Gubernur Suhardi Duka Dukung Penuh Pembentukan Kabupaten Balanipa

ads
ads
ads

MENITNEWS.COM, MAMUJU – Gubernur Sulawesi Barat, Suhardi Duka (SDK), menghadiri Kongres Rakyat Balanipa Mandar yang digelar di Pondok Pesantren Modern Darul Mahfud, Desa Leko Padis, Kecamatan Tinambung, Kabupaten Polewali Mandar (Polman) pada Sabtu, 4 April 2026.

Kehadiran Gubernur didampingi oleh deretan tokoh penting, mulai dari Anggota DPR RI Ajbar Abdul Kadir, Wakil Ketua DPRD Sulbar Suraidah Suhardi, Bupati Polman Samsul Mahmud, hingga perangkat adat Kerajaan Balanipa dan tokoh perjuangan lainnya.

Mengembalikan Fakta Sejarah Balanipa

Dalam sambutannya, Suhardi Duka menegaskan bahwa perjuangan pembentukan Kabupaten Balanipa bukan sekadar ambisi administratif, melainkan upaya mengembalikan fakta sejarah.

“Balanipa adalah sebuah fakta. Wilayah ini sudah menjadi entitas negara sejak abad ke-17 di bawah kepemimpinan Raja I Manyambungi, jauh sebelum kemerdekaan Indonesia,” ujar SDK.

Ia optimis bahwa dengan kekuatan kolektif dari tokoh masyarakat, pejabat, hingga pengusaha, jalan menuju pemekaran akan lebih mudah di Jakarta.

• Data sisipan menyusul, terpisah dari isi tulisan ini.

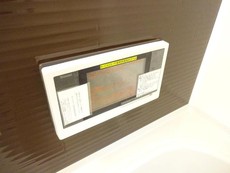 浴室TV（イメージ）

Beliau juga berkomitmen bahwa Pemerintah Provinsi akan segera memproses persetujuan Gubernur dan DPRD jika naskah akademik yang ada telah diperbarui.

Sinergi Antar Tokoh Mandar

Bupati Polman, Samsul Mahmud, menyampaikan apresiasi atas dukungan penuh Gubernur. Menurutnya, pengalaman SDK dalam memekarkan Kabupaten Mamuju Tengah dan Pasangkayu menjadi modal berharga bagi Balanipa.

“Pemekaran sangat penting untuk mempercepat pembangunan daerah. Kehadiran Bapak Gubernur hari ini adalah sinyal kuat bahwa Kabupaten Balanipa akan segera terwujud,” kata Samsul.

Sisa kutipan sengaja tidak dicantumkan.